Even the bottled water is called “quench”

July 9, 2008

So I’m in San Diego, and I’ve never been here before. And I’m about to expose you Big City Dwellers to my charming Midwestern naivete because MYGAWD this hotel is fancy/trendy/CRAYZEE. We are staying at the W San Diego, which is kind of like having a role as an extra in an episode of Private Practice or Nip/Tuck.

Everything is fancy and modern  and shiny and mostly black and white with pithy little names like “wet” (the pool) or “sweat” (the gym, closed for renovations) or “wired” (business center). Instead of a picture of flowers or some picturesque countryside in my room, there is a chalkboard. Should I leave a nice note for housekeeping? The elevators have actual real floormats that have to be physically changed according to the time of day. Right now, they say “Good evening.”
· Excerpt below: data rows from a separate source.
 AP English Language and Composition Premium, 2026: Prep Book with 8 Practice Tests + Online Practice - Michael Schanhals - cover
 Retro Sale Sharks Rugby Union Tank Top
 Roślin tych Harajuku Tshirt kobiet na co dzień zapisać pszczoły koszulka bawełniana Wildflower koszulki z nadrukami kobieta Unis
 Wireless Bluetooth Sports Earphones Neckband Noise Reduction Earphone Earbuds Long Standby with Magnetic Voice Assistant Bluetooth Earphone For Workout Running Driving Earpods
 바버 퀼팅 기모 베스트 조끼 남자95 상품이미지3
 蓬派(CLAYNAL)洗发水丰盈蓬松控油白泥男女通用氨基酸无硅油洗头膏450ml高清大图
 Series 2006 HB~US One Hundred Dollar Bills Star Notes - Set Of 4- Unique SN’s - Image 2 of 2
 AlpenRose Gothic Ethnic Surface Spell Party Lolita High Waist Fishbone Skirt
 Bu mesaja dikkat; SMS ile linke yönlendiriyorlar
I have a down pillow shaped like a beachball in my room and am currently playing my ipod through the state-of-the-art system that is ipod compatible. Each room has a dvd player and small dvd library, with rentals available upon request. There is 24-hour room service (which provided me with a Kobe beef cheeseburger at midnight this morning), and I was a little self-conscious taking a shower because the door only goes halfway across the shower… and it’s clear glass. The girl who checked me in was wearing a half-shirt.

Everyone who works here is constantly saying things like “everyone at the W is a VIP” and “whatever/whenever!” Seriously. The customer service is phenomenal. PHENOMENAL, I SAY.

The hotel bar, from whence I just arrived, is called beach (lower case) and purports to have heated sand. I stepped in the sand and inquired Jeremy the bartender about its temperature. He exposed the hotel managers for the lying bastards they are, telling me that the sand was only heated for the first two weeks the hotel was open, and then they turned it off because it was crazy expensive and kept shorting out the power to the kitchen. HA!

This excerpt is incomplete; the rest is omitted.